TASK BRIEF
In the records below, the lines between the one holding "Kopenhag, Danimarka - Mart" and the one holding "iRobot Roomba i6", inclusive, are to be transcribed exactly; no pictures are to be included.

DATA FOR REVIEW
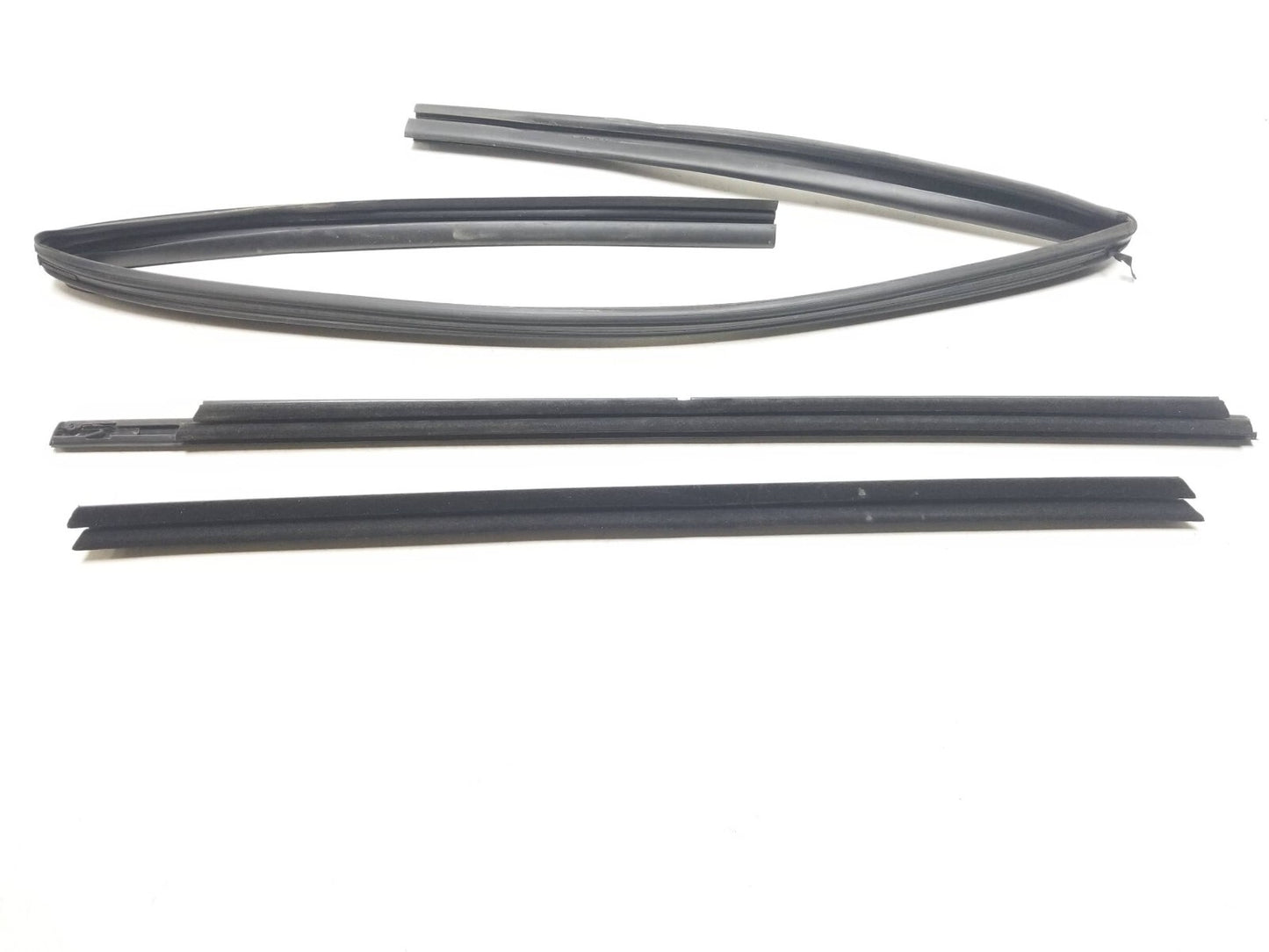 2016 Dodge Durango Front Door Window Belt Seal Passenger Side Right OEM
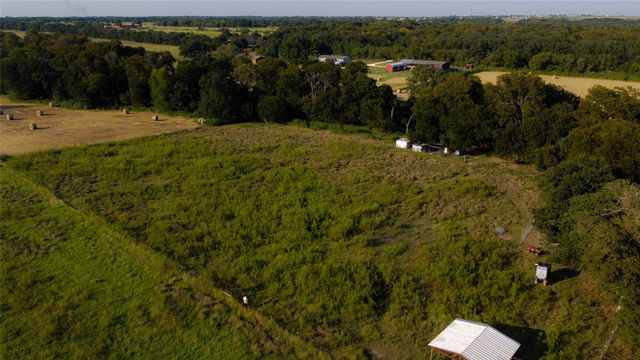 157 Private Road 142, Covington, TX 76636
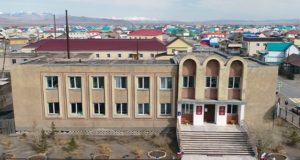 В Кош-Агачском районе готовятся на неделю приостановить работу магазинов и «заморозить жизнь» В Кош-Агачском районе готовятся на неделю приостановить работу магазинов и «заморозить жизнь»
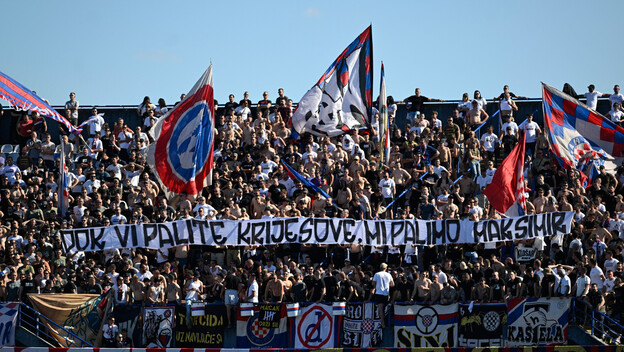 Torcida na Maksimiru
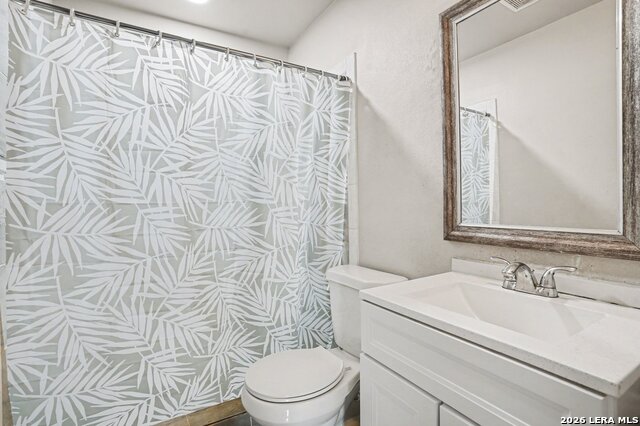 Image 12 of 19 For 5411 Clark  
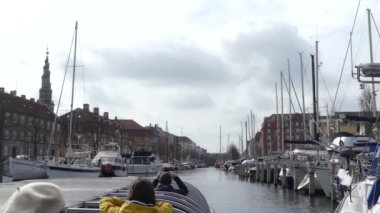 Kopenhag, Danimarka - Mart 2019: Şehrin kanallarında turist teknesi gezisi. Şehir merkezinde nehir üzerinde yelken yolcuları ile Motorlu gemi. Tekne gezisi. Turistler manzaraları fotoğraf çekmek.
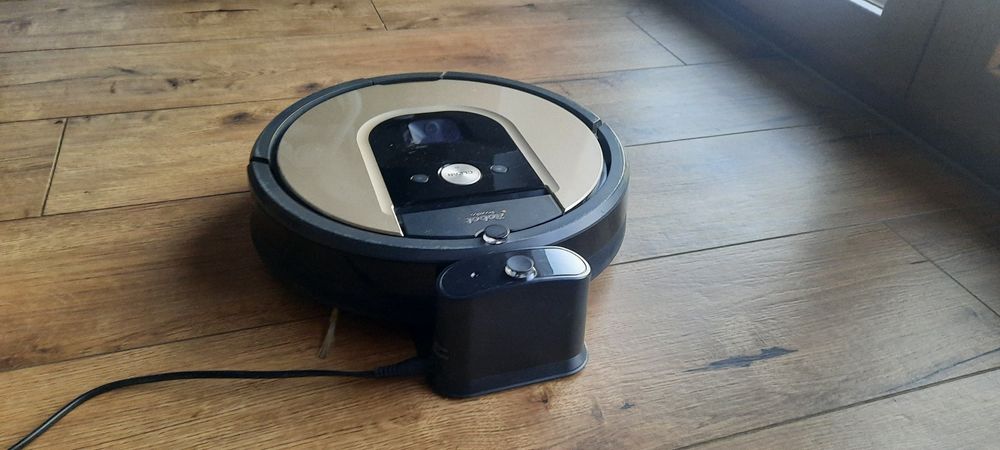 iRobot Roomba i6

* * *

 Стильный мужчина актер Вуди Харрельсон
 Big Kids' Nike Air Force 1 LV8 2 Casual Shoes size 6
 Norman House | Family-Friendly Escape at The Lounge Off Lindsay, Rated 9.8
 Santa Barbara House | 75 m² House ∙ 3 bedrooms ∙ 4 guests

RESPONSE
 Kopenhag, Danimarka - Mart 2019: Şehrin kanallarında turist teknesi gezisi. Şehir merkezinde nehir üzerinde yelken yolcuları ile Motorlu gemi. Tekne gezisi. Turistler manzaraları fotoğraf çekmek.
 iRobot Roomba i6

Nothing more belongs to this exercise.